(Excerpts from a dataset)
= Beginning of Section =

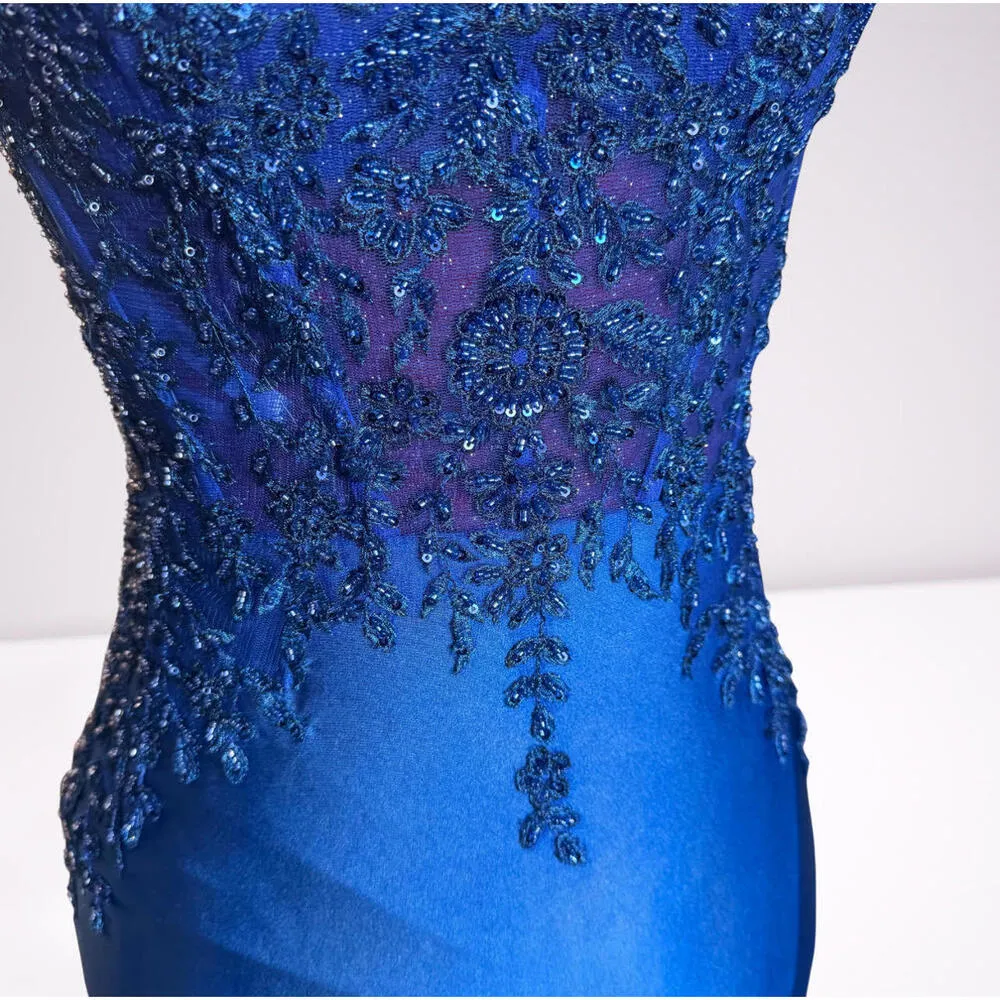 Tiffany Designs Royal Blue Mermaid Prom Gown w/Slit Style 16058 Size 2 - Image 8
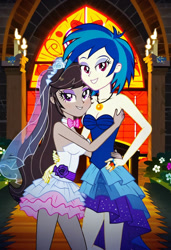 Size: 749x1096 | Tagged: safe, imported from twibooru, dj pon-3, octavia melody, vinyl scratch, human, equestria girls, ai content, ai generated, church, clothes, dress, female, humanized, image, lesbian, needs more jpeg, prompter:tiamatnightmare, scratchtavia, shipping, wedding dress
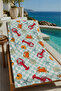 Mint Dama Seafood Lobster Crab Patterned 70X150 Beach Towel - Cotton Bath Towel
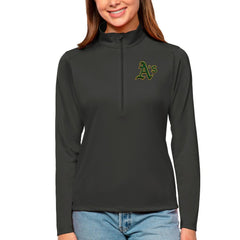 Athletics Antigua Women's Tribute Quarter-Zip Pullover Top Charcoal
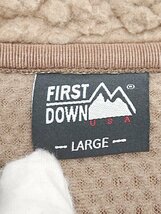 ■ FIRST DOWN ジップアップ ボア ロゴ刺繍 長袖 ブルゾン ジャンパー サイズL ライトブラウン系 メンズ P_画像3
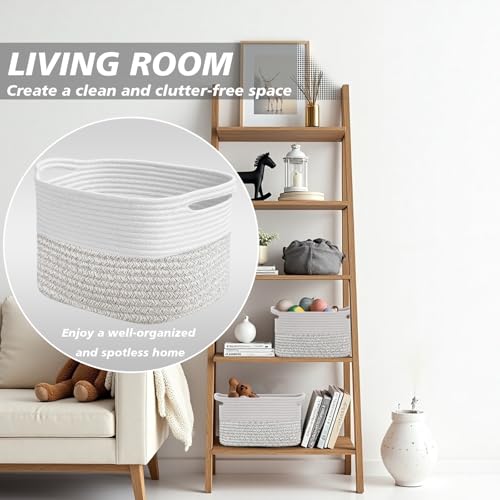 Image of Woven Storage Basket, Cotton Rope Closet Organizers Bins for Clothes Blanket Towels, Stylish Gift Baskets with Handles, 13.4 x 9.3 x 9.5 in, White and Grey (Pack of 1)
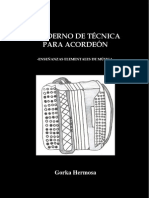 Cuaderno de Técnica para Acordeón Enseñanzas Elementales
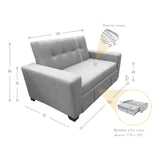 Sofá Cama Hamburgo Gris Denver y Matiz Wengue 160x86cm de Dos Puestos Reclinable sin Apoya Brazos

= End of Section =

● WORK REQUEST:
Copy every line of the records exactly as it is written, but not the pictures.

● RESPONSE TO THE TASK:
 Tiffany Designs Royal Blue Mermaid Prom Gown w/Slit Style 16058 Size 2 - Image 8
 Size: 749x1096 | Tagged: safe, imported from twibooru, dj pon-3, octavia melody, vinyl scratch, human, equestria girls, ai content, ai generated, church, clothes, dress, female, humanized, image, lesbian, needs more jpeg, prompter:tiamatnightmare, scratchtavia, shipping, wedding dress
 Mint Dama Seafood Lobster Crab Patterned 70X150 Beach Towel - Cotton Bath Towel
 Athletics Antigua Women's Tribute Quarter-Zip Pullover Top Charcoal
 ■ FIRST DOWN ジップアップ ボア ロゴ刺繍 長袖 ブルゾン ジャンパー サイズL ライトブラウン系 メンズ P_画像3
 Image of Woven Storage Basket, Cotton Rope Closet Organizers Bins for Clothes Blanket Towels, Stylish Gift Baskets with Handles, 13.4 x 9.3 x 9.5 in, White and Grey (Pack of 1)
 Cuaderno de Técnica para Acordeón Enseñanzas Elementales
 Sofá Cama Hamburgo Gris Denver y Matiz Wengue 160x86cm de Dos Puestos Reclinable sin Apoya Brazos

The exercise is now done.